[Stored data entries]
# # # # #
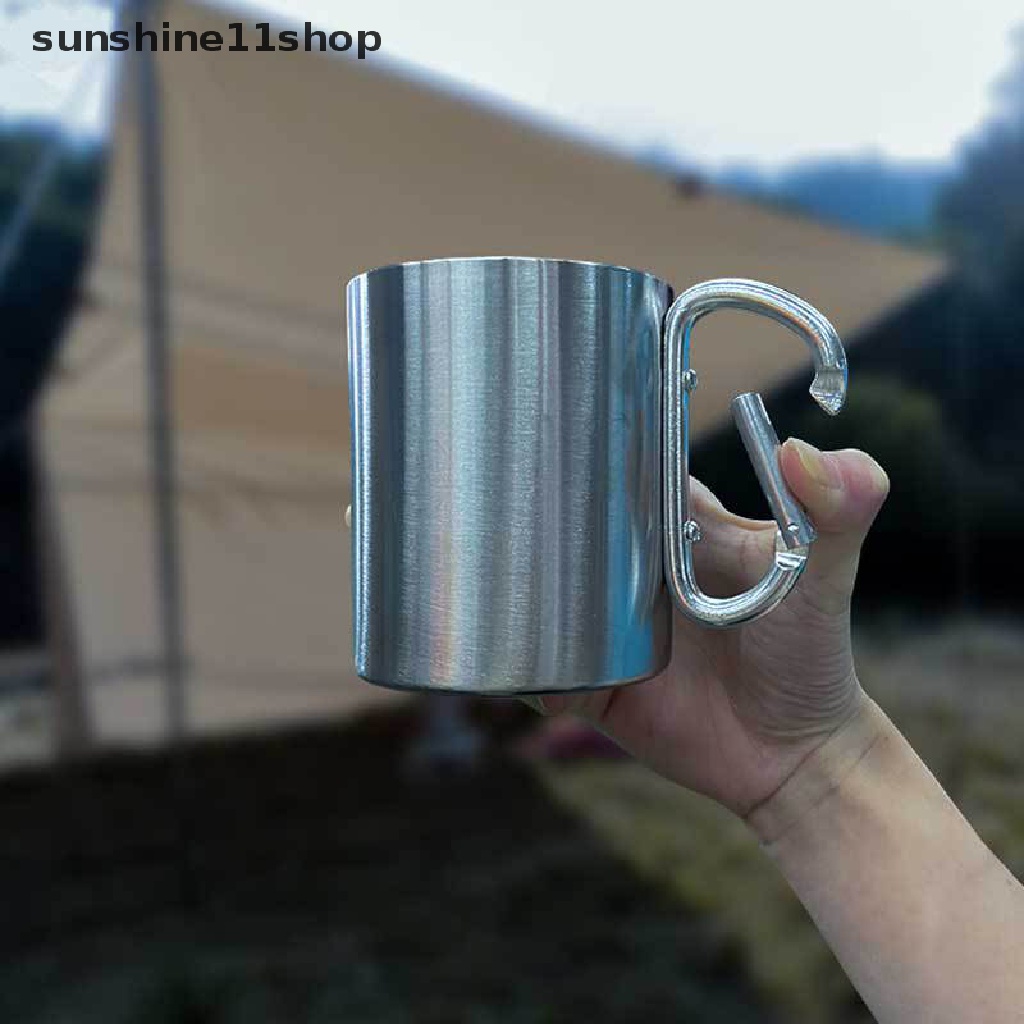 Sho 200/300ml Camping Travel Stainless Steel Air Teh Kopi Cangkir Piknik Water Mug N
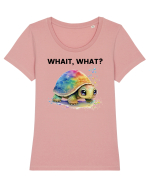 Broasca testoasa pictata in acuarela cu mesajul Wait, What? Tricou mânecă scurtă guler larg fitted Damă Expresser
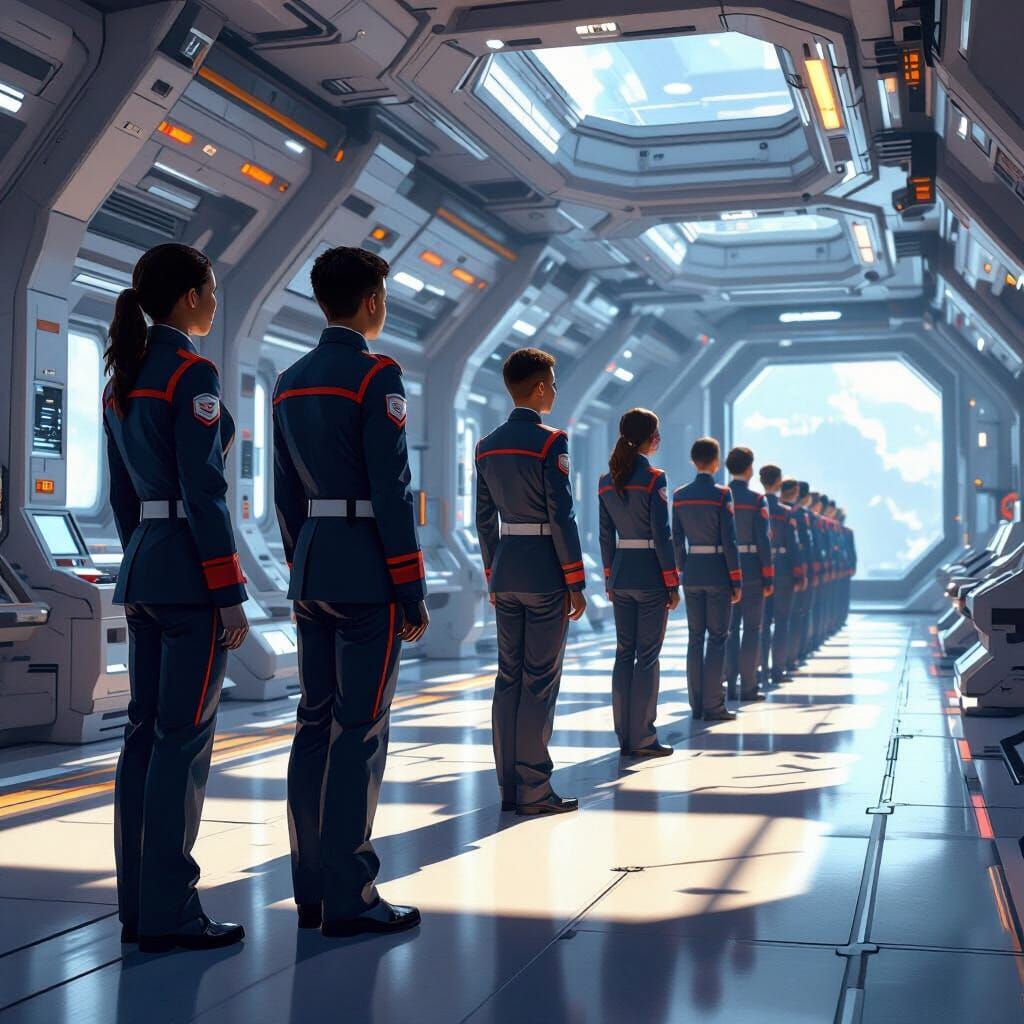 Diverse Cadets in Futuristic Space Station Training Hall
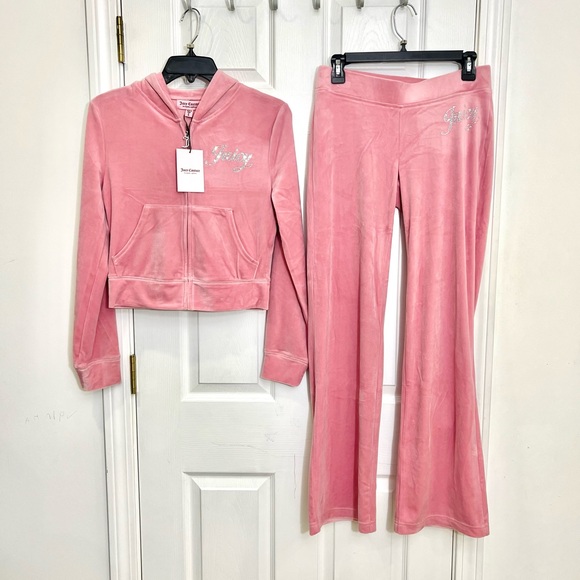 Juicy Couture Rose Bling Velour Tracksuit Hoodie & Pants Rhinestone NWT Size S - Picture 2 of 9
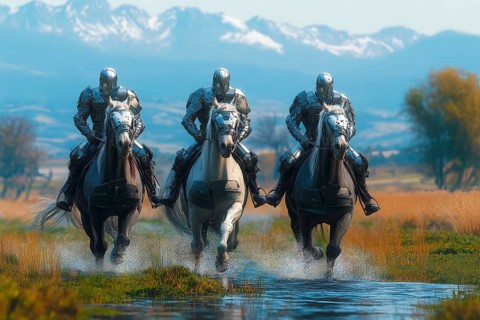 Cyborg soldiers in full battle armor riding white horses in water, AI generated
# # # # #
▶ [YOUR INSTRUCTIONS]:
Output the entries verbatim, skipping images.

▶ [WRITTEN ANSWER]:
 Sho 200/300ml Camping Travel Stainless Steel Air Teh Kopi Cangkir Piknik Water Mug N
 Broasca testoasa pictata in acuarela cu mesajul Wait, What? Tricou mânecă scurtă guler larg fitted Damă Expresser
 Diverse Cadets in Futuristic Space Station Training Hall
 Juicy Couture Rose Bling Velour Tracksuit Hoodie & Pants Rhinestone NWT Size S - Picture 2 of 9
 Cyborg soldiers in full battle armor riding white horses in water, AI generated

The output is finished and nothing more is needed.